Gewisse Punkte des Lehrplans 21 haben bereits Eingang in die öffentliche Debatte gefunden. Es geht vor allem um umstrittene Inhalte oder gewerkschaftliche Aspekte, seltener um Fachbereiche, also um die Frage, ob beispielsweise Informatik oder Berufswahl ein eigenes Fach sein sollen.
Was mir bisher aber zu kurz gekommen ist, ist ein pädagogischer Aspekt, auf den ich Sie hinweisen möchte. Es gibt einen Zusammenhang zwischen der zur Verfügung gestellten Unterrichtszeit und den erreichbaren Lernzielen, kurz: mehr Unterricht = höhere Ziele. Nun gibt es in der Deutschschweiz aber sehr unterschiedliche Dotationen an Lektionen in den einzelnen Fächern.
Im Lehrplan-21-Projekt wurde eine Normstundentafel definiert, welche grosso modo den Deutschschweizer Durchschnitt an Lektionen abbildet. Auf dieser Basis wurden im Lehrplan 21 die Lernziele definiert. Das ist gut für die Kantone, deren Lektionen sich im Durchschnitt bewegen. Diejenigen Kantone, die Lektionen zwischen den Fächern – bspw. zwischen Musik und Handarbeit – umverteilen müssen, riskieren gewerkschaftliche Auseinandersetzungen. Schlimmer noch trifft es jene Kantone, die zuwenig Lektionen an sich haben. Die haben ein finanzielles Problem. Eine Wochenlektion mehr über alle zehn Schuljahre würde die öffentliche Hand im Kanton Zug gut 4,5 Mio.

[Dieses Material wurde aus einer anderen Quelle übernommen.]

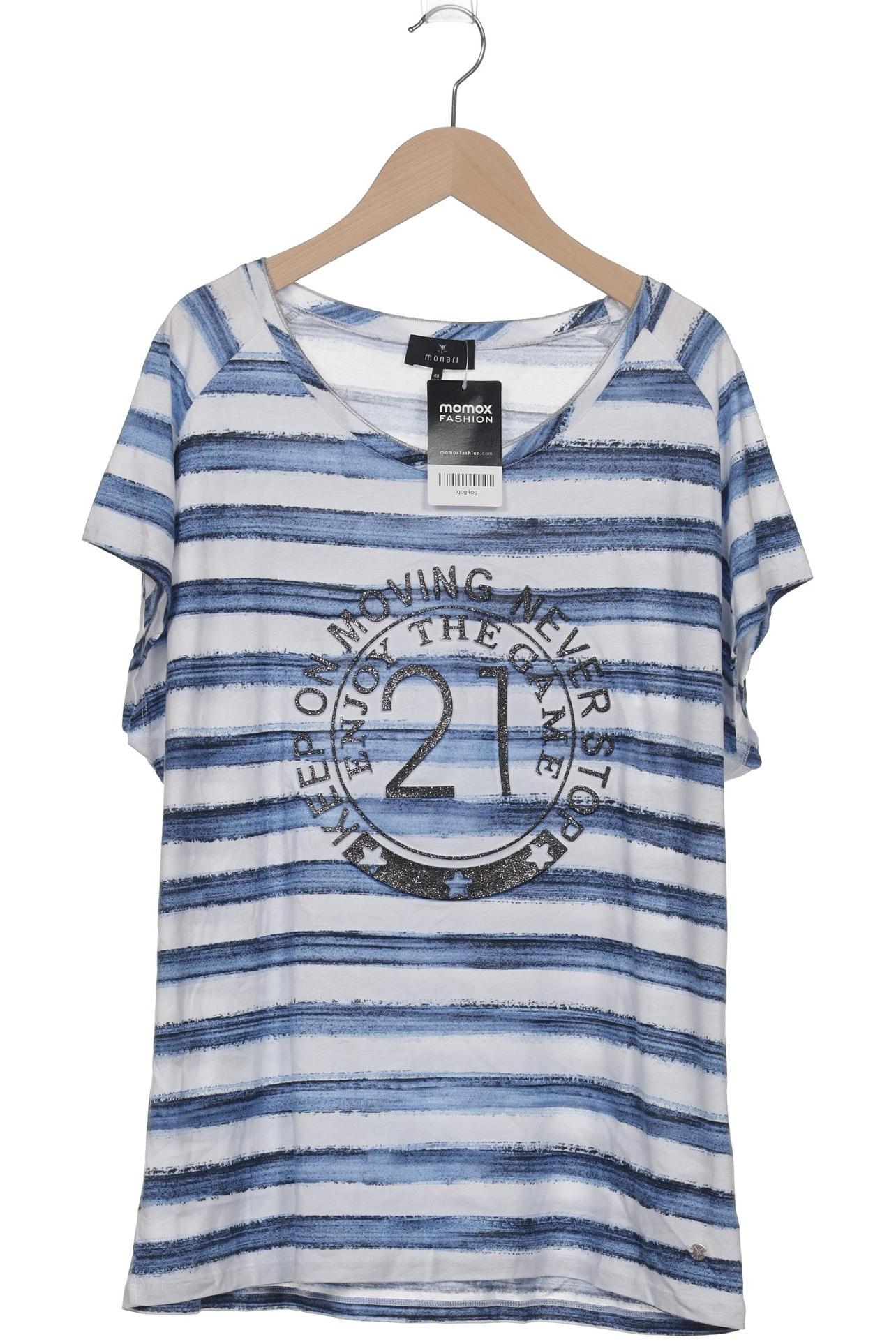 

monari Damen T-Shirt, blau, Gr. 40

Franken kosten. Damit Sie die Zahlen auf Ihren Kanton hochrechnen können: Der Kanton Zug hat nicht ganz 120’000 Einwohner… Gemäss einer Erhebung der D-EDK liegt derjenige Deutschschweizer Kanton mit den wenigsten Lektionen rund zwei Wochenstunden unter dem Durchschnitt. Allein diese Stundenharmonisierung würde die betroffenen Kantone Millionen kosten.
In den meisten Kantonen wird man also Differenzen haben zwischen den in der Lehrplanvorlage definierten Lernzielen und der im Kanton verfügbaren Unterrichtslektionen. Aus verschiedenen Gründen wird es nicht kurzfristig möglich sein, die Lektionszahl einfach anzupassen. Gleichzeitig werden die Harmonisierer und Zentralisten Druck machen, den Lehrplan 21 möglichst unverändert zu übernehmen. Und damit ist das pädagogische Dilemma aufgezeichnet. Lösen kann man dieses Dilemma bei der Einführung des Lehrplans nur, wenn man vom Dogma „unverändert einführen“ abweicht. Und lösen muss man dieses Dilemma, weil man sonst nur die nächste unausgegorene Reform auf dem Buckel des Lehrers an der Front anstösst. Das haben weder unsere Kinder noch unsere Lehrer verdient.
Wir müssen uns also dafür einsetzen, dass der Lehrplan 21 nicht tel quel übernommen, sondern auf die Verhältnisse vor Ort angepasst wird. So macht man das mit allem in der Schweiz.
Ich fasse zum Schluss meine Thesen zusammen:
Erstens: Bildung ist keine exakte Wissenschaft. Wissenschaftliche Einheitslösungen kann es im Schulwesen nicht geben. Darum ist Vielfalt vor Einfalt die wichtigste Regel für eine starke Schule.
Zweitens: Bildungswissenschaftliche Studien sind mit Vorsicht zu geniessen – auch wenn sie von der EDK kommen.
Drittens: Bei der Einführung des Lehrplan 21 ist auf die Verhältnisse des jeweiligen Kantons Rücksicht zu nehmen. Vielfalt vor Einfalt gilt auch hier.
Und am wichtigsten ist: Wir müssen uns als Partei in die Bildungsdebatte stürzen. Es gibt keine gute Schule – ausser es wird um sie gerungen.